The big problem for my husband and me is our schedule. I managed to clear my calendar for nearly a month. I took a ton of time off work. There were only 5 midnight shifts in the middle I could not get out of, so wouldn’t you know that is exactly when the transfer is likely to occur now. I am truly scared. I don’t know what to tell them at work. I can not tell them about the IVF. If my boss and co-workers knew, they would do what they could to make this hard on me. No one wants someone in their shift rotation who is going to need frequent leave for medical reasons, not to mention have a baby. There has been no woman in the rotating shift schedule in my office who has every had a baby, and only one who was pregnant. She was in an entry level job at the time and moved into day work once she told the office. That’s not an option for me. My husband also had to manipulate his schedule to try to get time off for the transfer. Even with his new schedule, if things get delayed another two days, I’ll be taking a cab home from the transfer. Unfortunately, all of our local friends are work friends. We can’t ask for their help without the truth about what we’re doing getting out. I love my friends, but they have the mentality of most in our office. They will not understand why we’re spending money trying to have a child. None of them really like children much and are not planning on having any.

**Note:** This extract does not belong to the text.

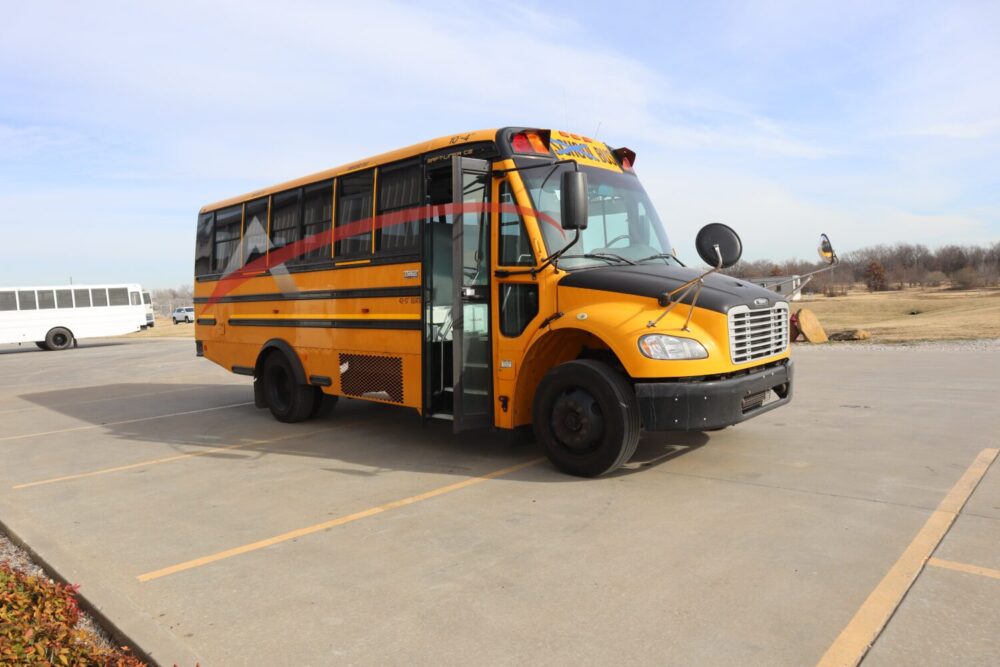 2019 Thomas Saf-T-Liner C2 43 Passenger - 4025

So, here I sit wondering if my donor if OK. Is she not producing any follicles? Is she as frustrated with this clinic as I am? Are they going to schedule her retrieval during a midterm exam? She’s only 23. I feel terrible that she’s had to deal with such a scatter-brained organization. Hopefully, her experience has been better than mine.

We paid the donor’s fee ($5k) and her expenses ($500) to the donor agency on Tuesday, before we knew that the retrieval was delayed. I really hope we get some usable eggs out of this. I’m sure the donor agency is not going to refund that money to us, even if they do not give it to the donor.